ACTION ITEM =>
Pictures must not appear in the copy. Set down exactly the line with "Teal And Ivory" and each line after it through the end of the data below.

SUPPLIED MATERIAL =>
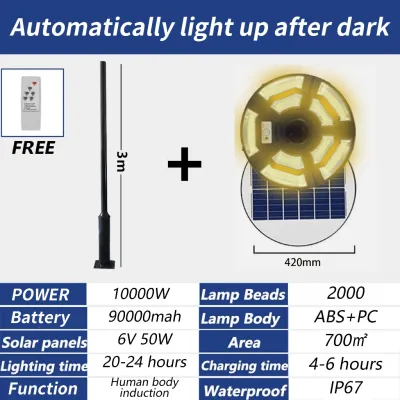 【10 Years Warranty】NEW UFO Solar light outdoor lighting 8000W solar Spotlight LED Light Waterproof IP67 Ultra-bright high-power solar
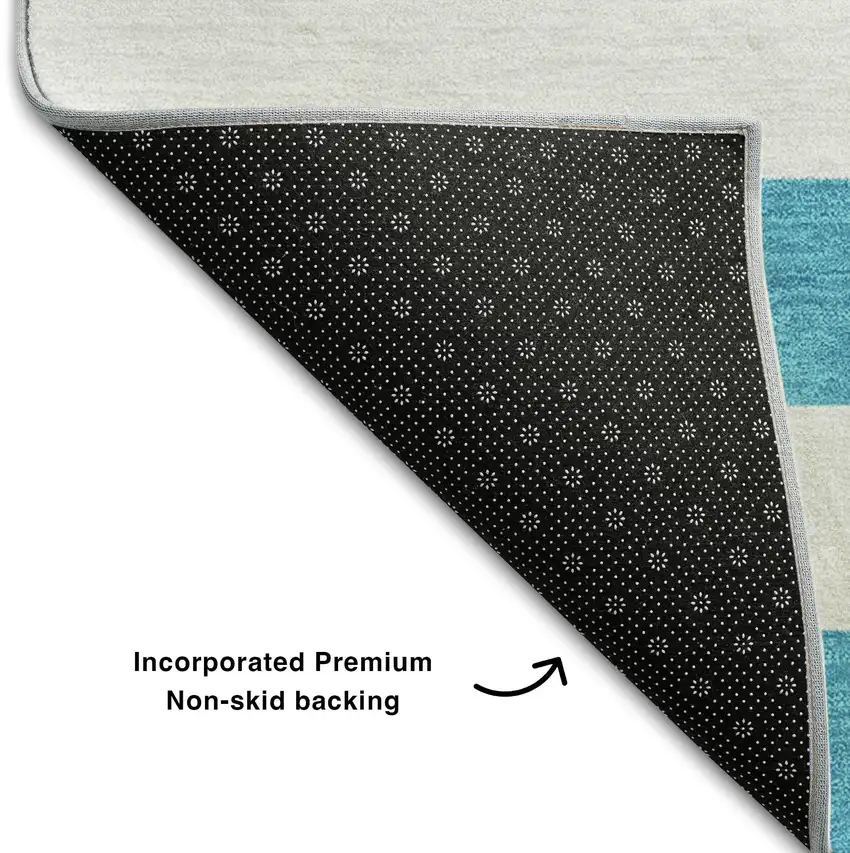 Teal And Ivory Striped Washable Area Rug With UV Protection Photo 8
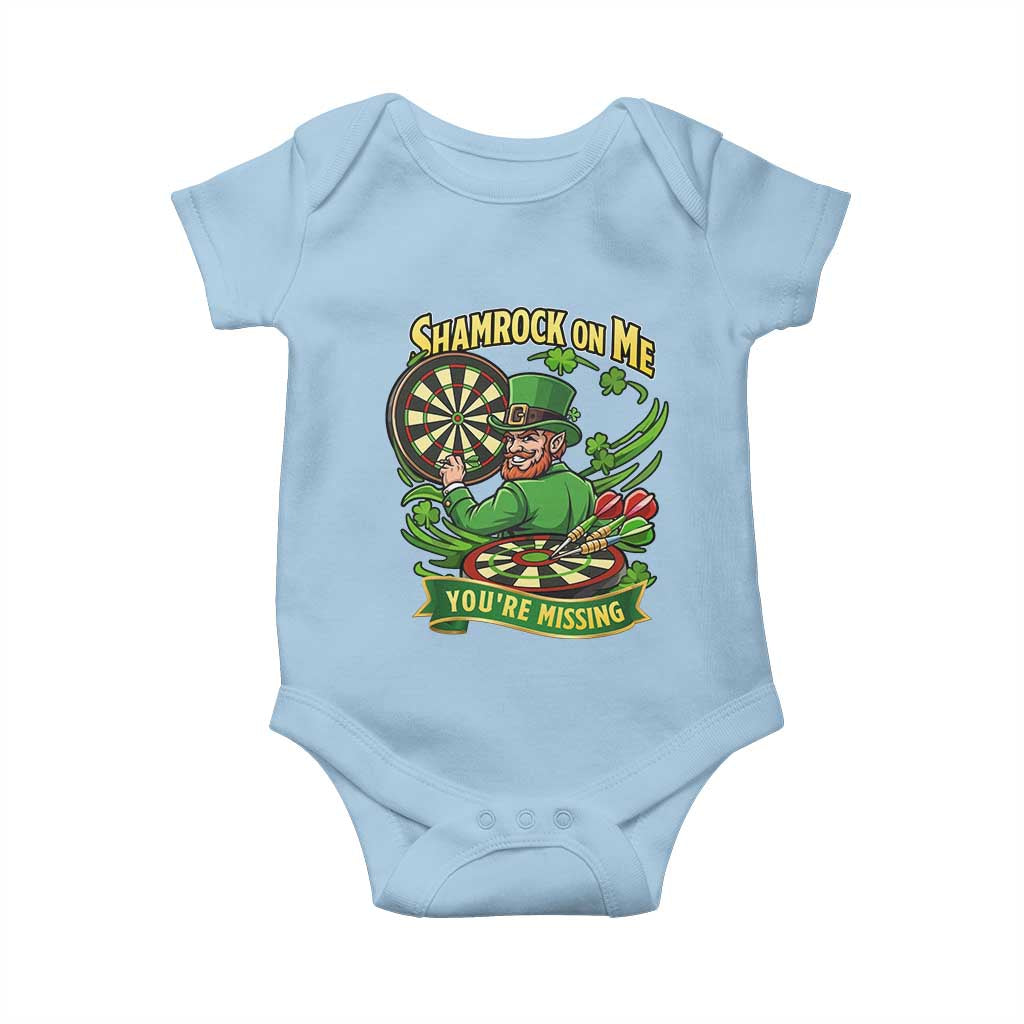 Shamrock On Me Youre Missing Baby Onesie St Patricks Day Darts Player Gift TS12 Light Blue Print Your Wear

EXERCISE SOLUTION =>
 Teal And Ivory Striped Washable Area Rug With UV Protection Photo 8
 Shamrock On Me Youre Missing Baby Onesie St Patricks Day Darts Player Gift TS12 Light Blue Print Your Wear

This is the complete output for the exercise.